Both the line containing "How to add eBay" and the line containing "This first landscape" belong to the span. Output exactly that span from the listing below, and nothing outside it.

* Dataset extract:
============
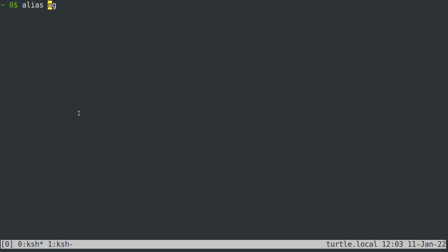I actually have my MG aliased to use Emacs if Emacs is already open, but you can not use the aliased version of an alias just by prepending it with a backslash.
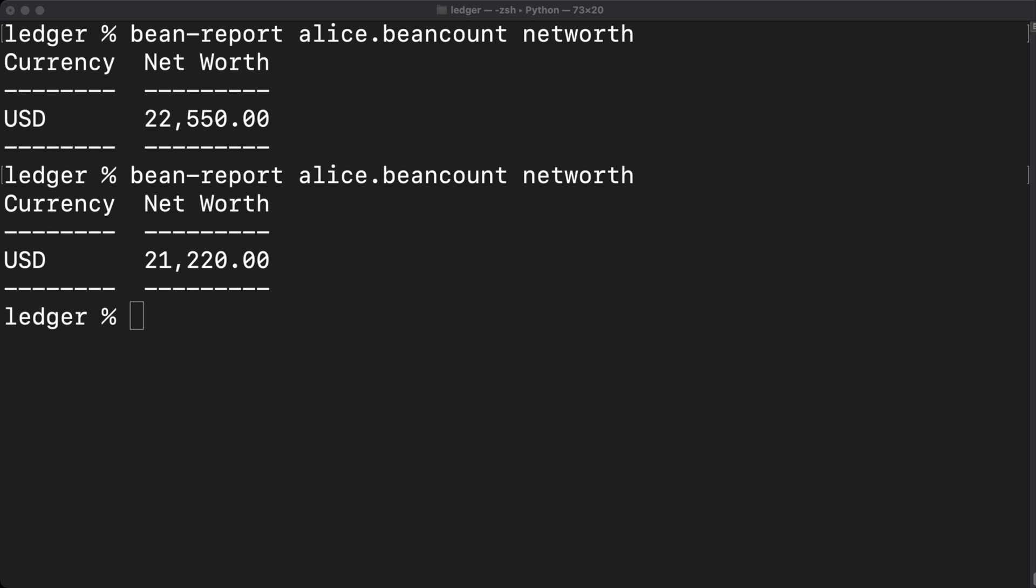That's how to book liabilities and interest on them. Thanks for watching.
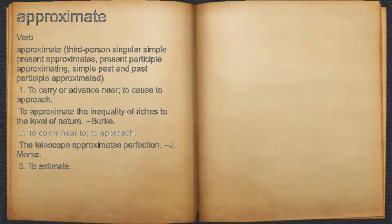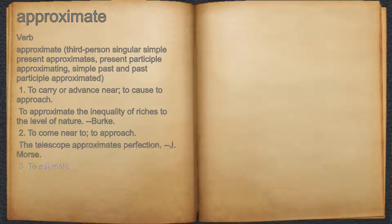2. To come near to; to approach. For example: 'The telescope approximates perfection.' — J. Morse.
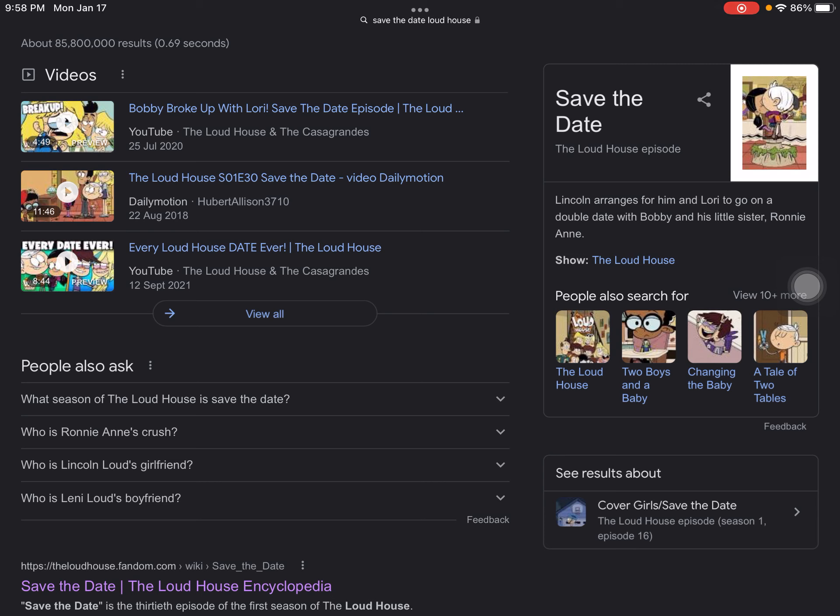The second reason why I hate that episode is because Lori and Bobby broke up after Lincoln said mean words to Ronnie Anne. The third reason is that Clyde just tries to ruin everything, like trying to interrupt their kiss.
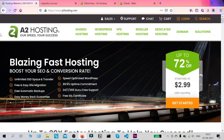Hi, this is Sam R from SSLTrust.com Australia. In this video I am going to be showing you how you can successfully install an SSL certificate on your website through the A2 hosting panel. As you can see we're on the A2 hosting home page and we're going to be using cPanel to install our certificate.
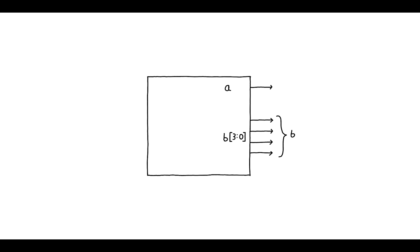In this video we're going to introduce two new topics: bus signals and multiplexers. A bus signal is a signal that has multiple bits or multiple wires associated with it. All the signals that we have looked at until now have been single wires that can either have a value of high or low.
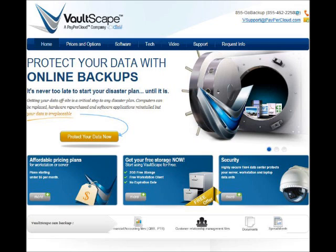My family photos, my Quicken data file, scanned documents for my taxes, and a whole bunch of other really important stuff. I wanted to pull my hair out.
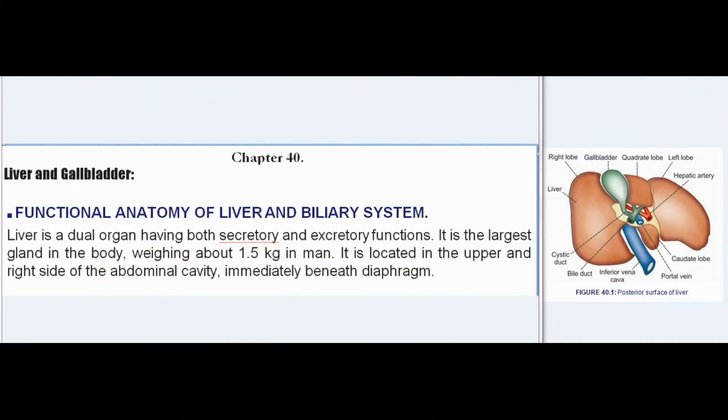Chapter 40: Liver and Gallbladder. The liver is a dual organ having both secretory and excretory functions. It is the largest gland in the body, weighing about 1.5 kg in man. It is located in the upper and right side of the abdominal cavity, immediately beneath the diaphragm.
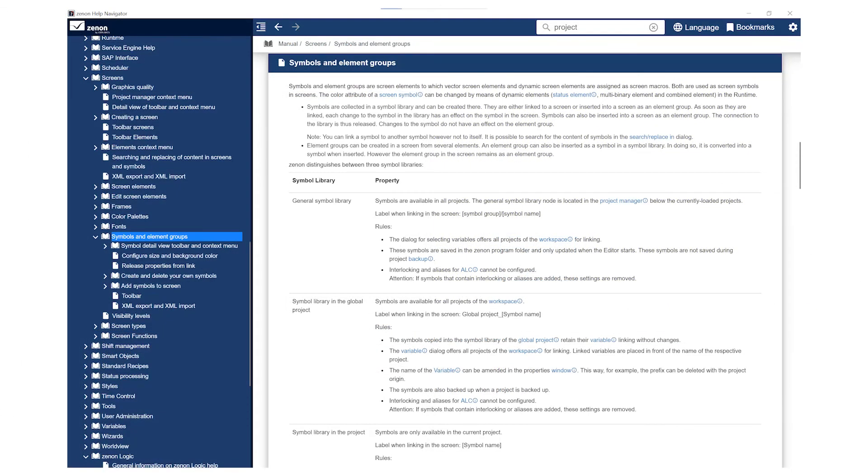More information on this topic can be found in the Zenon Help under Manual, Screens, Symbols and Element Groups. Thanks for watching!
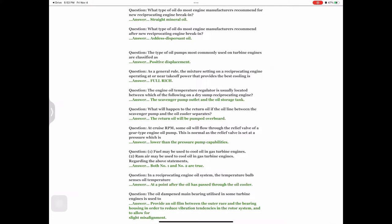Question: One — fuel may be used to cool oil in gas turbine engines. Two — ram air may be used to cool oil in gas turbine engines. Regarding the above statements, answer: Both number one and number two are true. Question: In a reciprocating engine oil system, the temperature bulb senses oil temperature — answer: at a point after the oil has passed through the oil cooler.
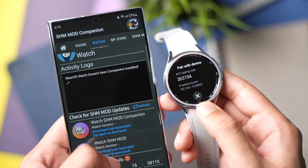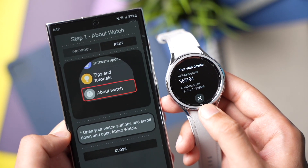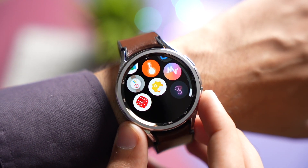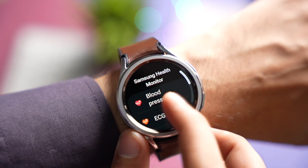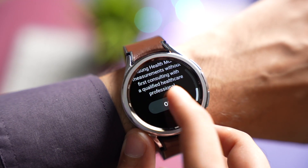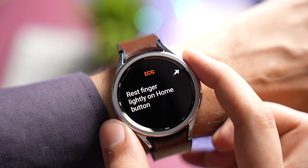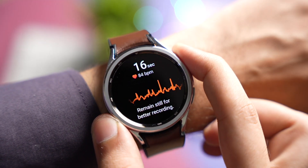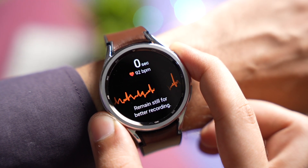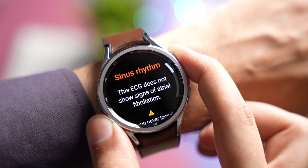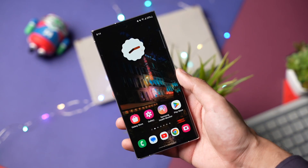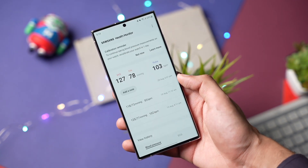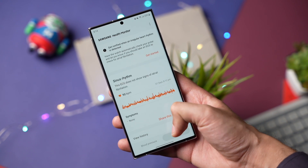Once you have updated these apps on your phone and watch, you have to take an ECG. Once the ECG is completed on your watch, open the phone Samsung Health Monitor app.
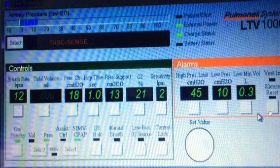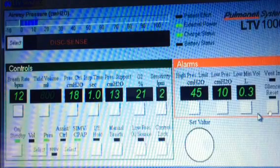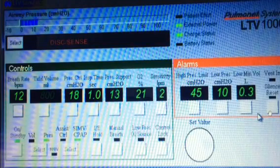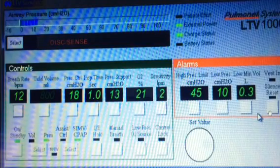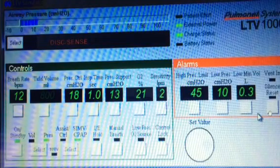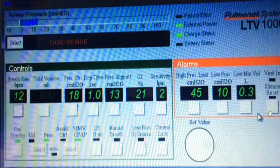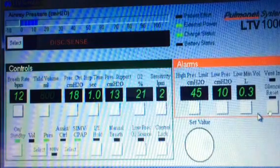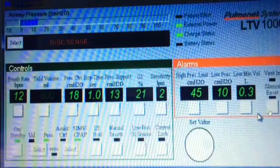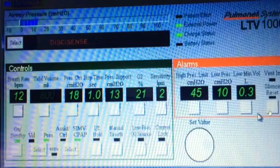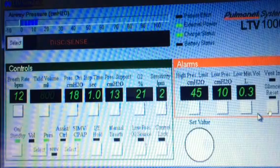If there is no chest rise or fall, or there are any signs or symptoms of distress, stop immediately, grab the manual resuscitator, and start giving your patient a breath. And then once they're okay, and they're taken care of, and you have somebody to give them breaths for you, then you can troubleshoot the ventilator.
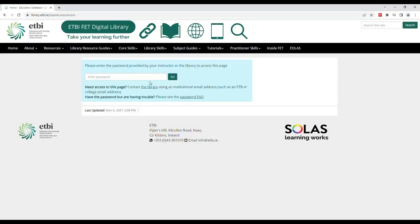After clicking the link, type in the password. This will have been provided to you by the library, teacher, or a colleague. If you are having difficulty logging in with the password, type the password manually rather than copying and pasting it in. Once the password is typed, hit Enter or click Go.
============
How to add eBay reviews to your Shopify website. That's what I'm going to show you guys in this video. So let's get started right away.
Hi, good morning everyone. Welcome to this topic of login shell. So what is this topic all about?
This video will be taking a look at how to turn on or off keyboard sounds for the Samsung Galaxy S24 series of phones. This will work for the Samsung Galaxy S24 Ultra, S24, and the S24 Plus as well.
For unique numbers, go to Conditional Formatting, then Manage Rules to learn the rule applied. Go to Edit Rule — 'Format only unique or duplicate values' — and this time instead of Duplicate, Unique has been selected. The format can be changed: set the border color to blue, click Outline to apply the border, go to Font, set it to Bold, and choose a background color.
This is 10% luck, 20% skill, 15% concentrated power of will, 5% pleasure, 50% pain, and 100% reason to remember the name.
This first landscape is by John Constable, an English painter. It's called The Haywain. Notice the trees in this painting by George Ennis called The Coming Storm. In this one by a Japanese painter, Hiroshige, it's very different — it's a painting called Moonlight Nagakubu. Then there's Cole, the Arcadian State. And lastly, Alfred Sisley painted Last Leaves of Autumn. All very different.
============
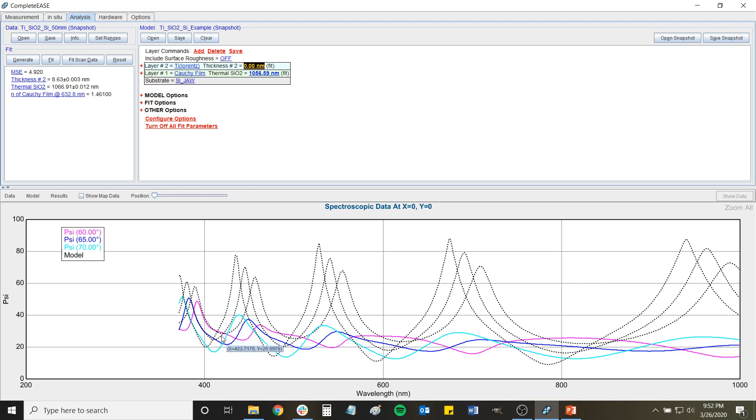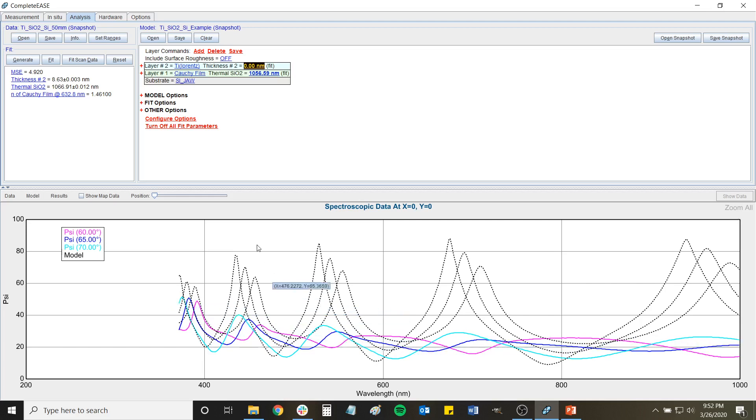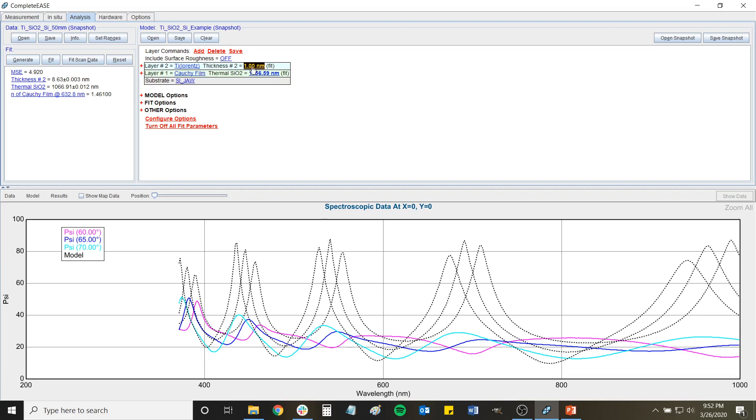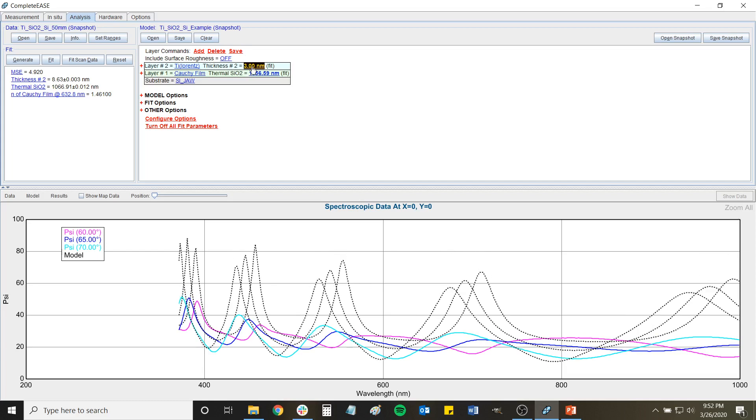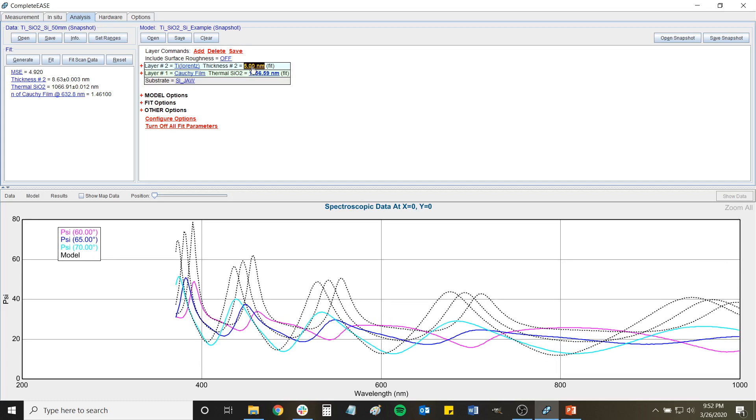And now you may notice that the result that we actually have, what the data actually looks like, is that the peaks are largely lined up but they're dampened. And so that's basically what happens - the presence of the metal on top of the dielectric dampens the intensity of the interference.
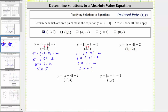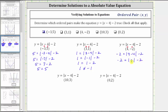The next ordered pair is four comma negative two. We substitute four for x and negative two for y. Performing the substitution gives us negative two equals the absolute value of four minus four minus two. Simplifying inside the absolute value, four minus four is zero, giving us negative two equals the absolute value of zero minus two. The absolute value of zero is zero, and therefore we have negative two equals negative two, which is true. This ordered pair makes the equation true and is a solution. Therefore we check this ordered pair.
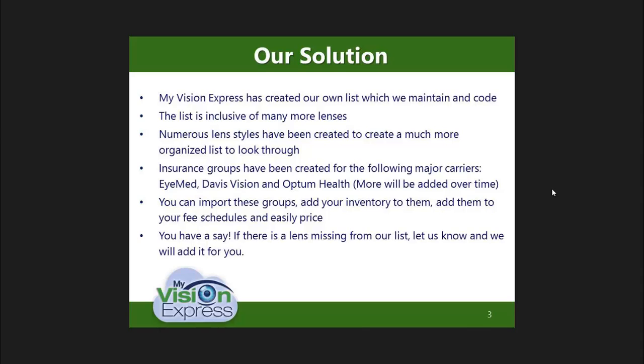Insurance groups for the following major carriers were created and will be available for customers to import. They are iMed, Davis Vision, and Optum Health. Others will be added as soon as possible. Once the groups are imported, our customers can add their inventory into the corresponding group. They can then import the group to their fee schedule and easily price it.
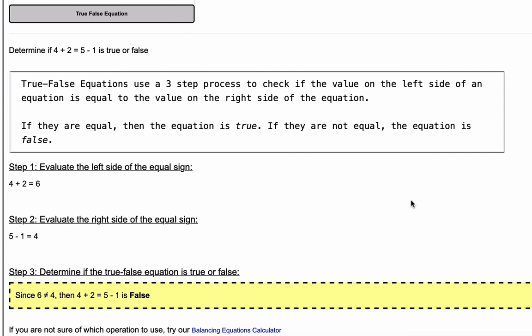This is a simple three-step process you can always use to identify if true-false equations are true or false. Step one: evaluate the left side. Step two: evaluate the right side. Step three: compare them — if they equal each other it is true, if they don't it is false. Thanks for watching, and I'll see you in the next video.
============
* Your solution:
How to add eBay reviews to your Shopify website. That's what I'm going to show you guys in this video. So let's get started right away.
Hi, good morning everyone. Welcome to this topic of login shell. So what is this topic all about?
This video will be taking a look at how to turn on or off keyboard sounds for the Samsung Galaxy S24 series of phones. This will work for the Samsung Galaxy S24 Ultra, S24, and the S24 Plus as well.
For unique numbers, go to Conditional Formatting, then Manage Rules to learn the rule applied. Go to Edit Rule — 'Format only unique or duplicate values' — and this time instead of Duplicate, Unique has been selected. The format can be changed: set the border color to blue, click Outline to apply the border, go to Font, set it to Bold, and choose a background color.
This is 10% luck, 20% skill, 15% concentrated power of will, 5% pleasure, 50% pain, and 100% reason to remember the name.
This first landscape is by John Constable, an English painter. It's called The Haywain. Notice the trees in this painting by George Ennis called The Coming Storm. In this one by a Japanese painter, Hiroshige, it's very different — it's a painting called Moonlight Nagakubu. Then there's Cole, the Arcadian State. And lastly, Alfred Sisley painted Last Leaves of Autumn. All very different.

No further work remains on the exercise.